What needs to be done
All of the data that follows should be given again exactly, without its images.

Information shown
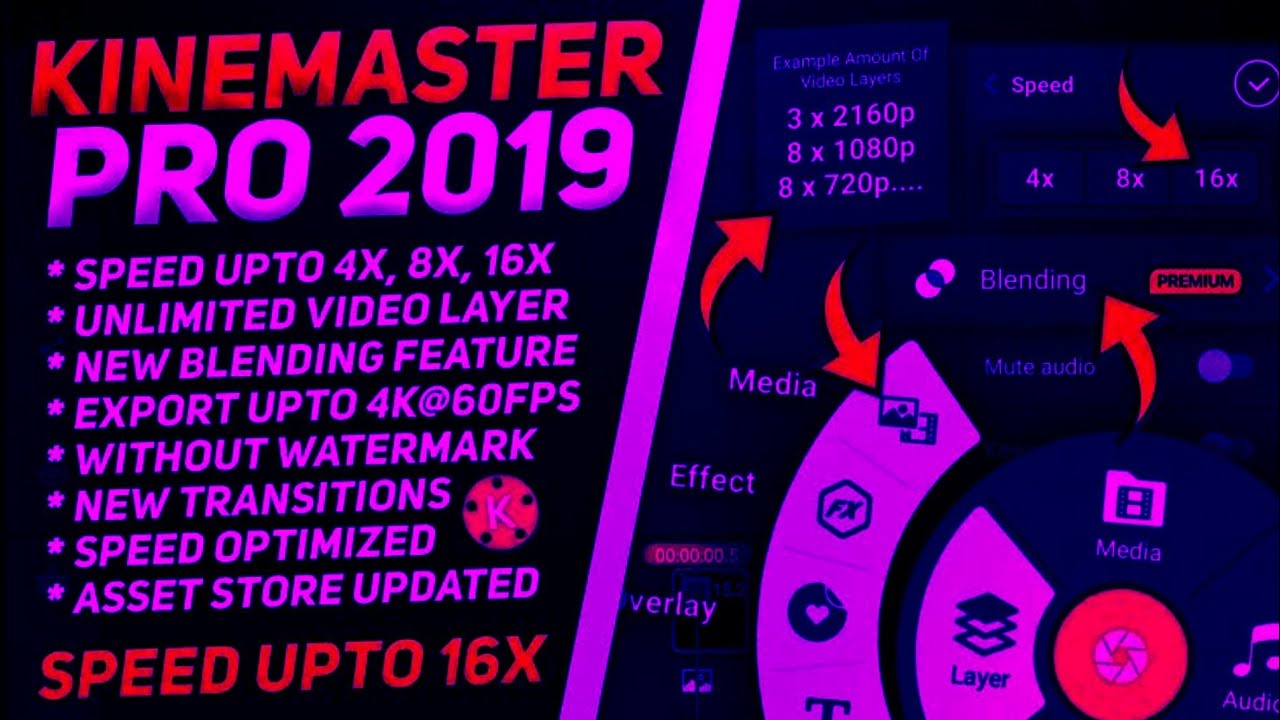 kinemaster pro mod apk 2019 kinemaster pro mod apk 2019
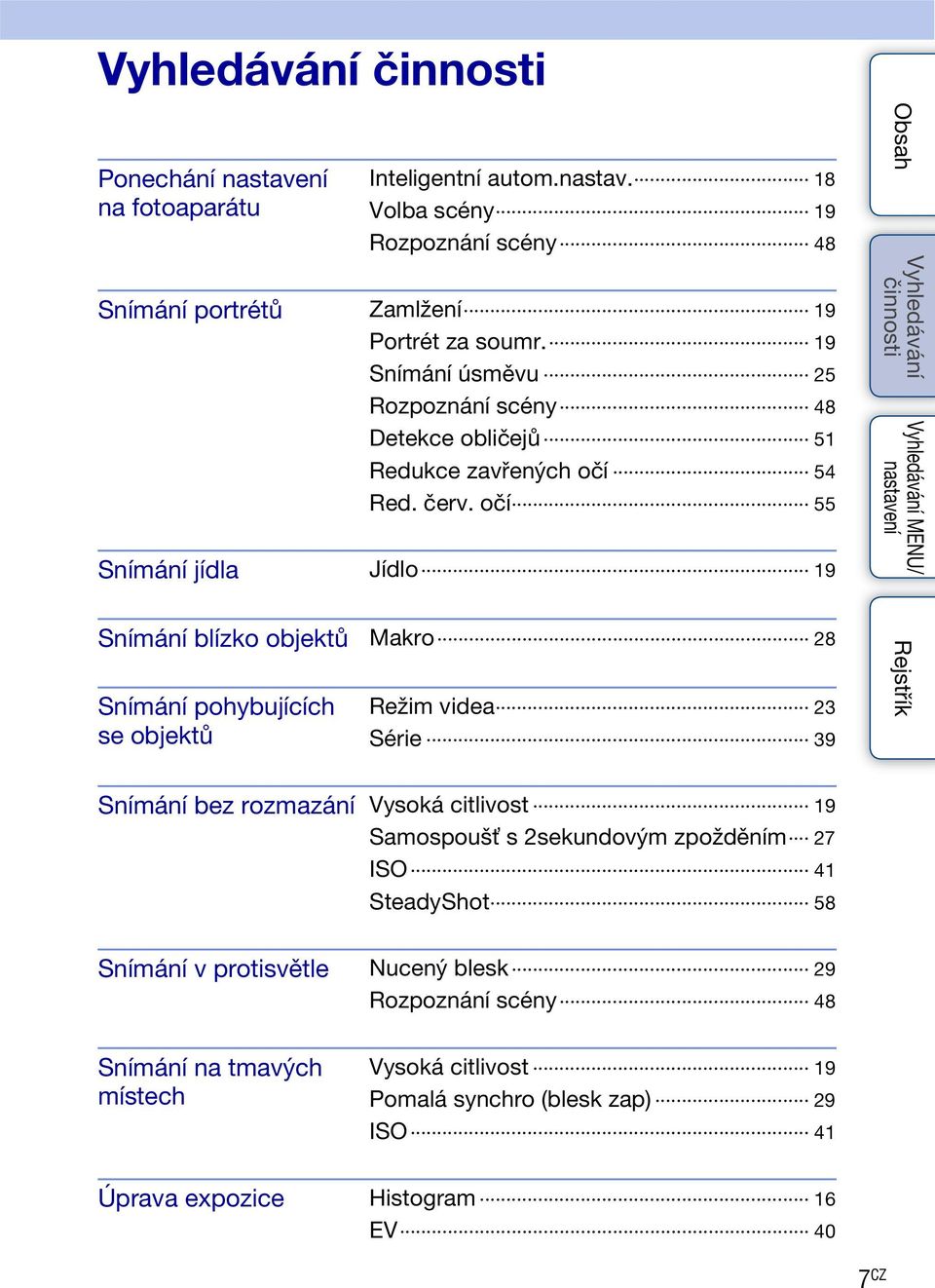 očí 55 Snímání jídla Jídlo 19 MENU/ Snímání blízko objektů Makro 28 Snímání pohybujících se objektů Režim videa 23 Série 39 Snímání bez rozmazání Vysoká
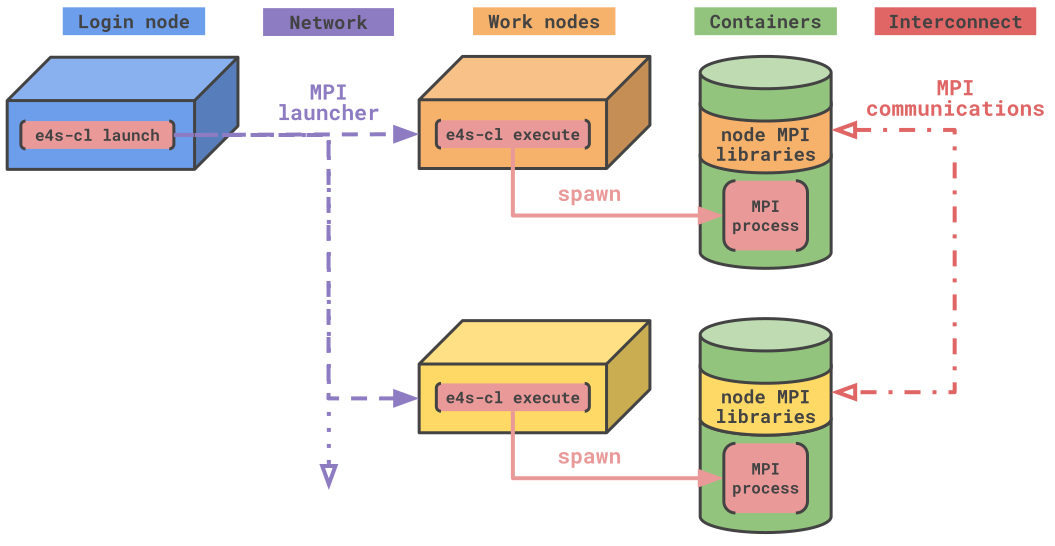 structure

Solution to the problem
 kinemaster pro mod apk 2019 kinemaster pro mod apk 2019
 očí 55 Snímání jídla Jídlo 19 MENU/ Snímání blízko objektů Makro 28 Snímání pohybujících se objektů Režim videa 23 Série 39 Snímání bez rozmazání Vysoká
 structure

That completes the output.